In the data that follows, find each line containing "color" and copy it.

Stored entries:
"""
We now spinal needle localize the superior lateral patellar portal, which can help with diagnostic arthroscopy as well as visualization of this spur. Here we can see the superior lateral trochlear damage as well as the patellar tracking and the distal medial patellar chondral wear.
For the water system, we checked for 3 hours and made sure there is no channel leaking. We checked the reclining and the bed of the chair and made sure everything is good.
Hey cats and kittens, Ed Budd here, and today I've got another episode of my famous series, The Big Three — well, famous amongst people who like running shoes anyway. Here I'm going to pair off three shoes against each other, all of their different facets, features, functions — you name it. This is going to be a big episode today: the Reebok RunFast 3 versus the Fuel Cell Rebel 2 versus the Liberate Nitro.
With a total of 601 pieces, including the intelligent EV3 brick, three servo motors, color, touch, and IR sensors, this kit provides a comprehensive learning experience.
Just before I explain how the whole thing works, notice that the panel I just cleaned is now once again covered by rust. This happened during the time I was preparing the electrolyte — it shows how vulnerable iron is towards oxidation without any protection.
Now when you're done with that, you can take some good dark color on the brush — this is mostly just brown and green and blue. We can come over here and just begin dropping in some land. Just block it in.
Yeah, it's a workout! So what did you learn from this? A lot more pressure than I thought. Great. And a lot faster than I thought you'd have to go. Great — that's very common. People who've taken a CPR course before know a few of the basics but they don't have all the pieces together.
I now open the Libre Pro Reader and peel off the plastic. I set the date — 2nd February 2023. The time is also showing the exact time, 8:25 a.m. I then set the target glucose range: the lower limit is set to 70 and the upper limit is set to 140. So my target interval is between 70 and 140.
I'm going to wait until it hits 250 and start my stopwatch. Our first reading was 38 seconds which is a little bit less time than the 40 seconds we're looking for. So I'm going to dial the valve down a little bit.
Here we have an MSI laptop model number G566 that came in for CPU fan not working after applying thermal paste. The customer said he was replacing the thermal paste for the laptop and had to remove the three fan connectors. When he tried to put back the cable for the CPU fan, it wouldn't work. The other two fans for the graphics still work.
"""
## ANSWER BELOW:
With a total of 601 pieces, including the intelligent EV3 brick, three servo motors, color, touch, and IR sensors, this kit provides a comprehensive learning experience.
Now when you're done with that, you can take some good dark color on the brush — this is mostly just brown and green and blue. We can come over here and just begin dropping in some land. Just block it in.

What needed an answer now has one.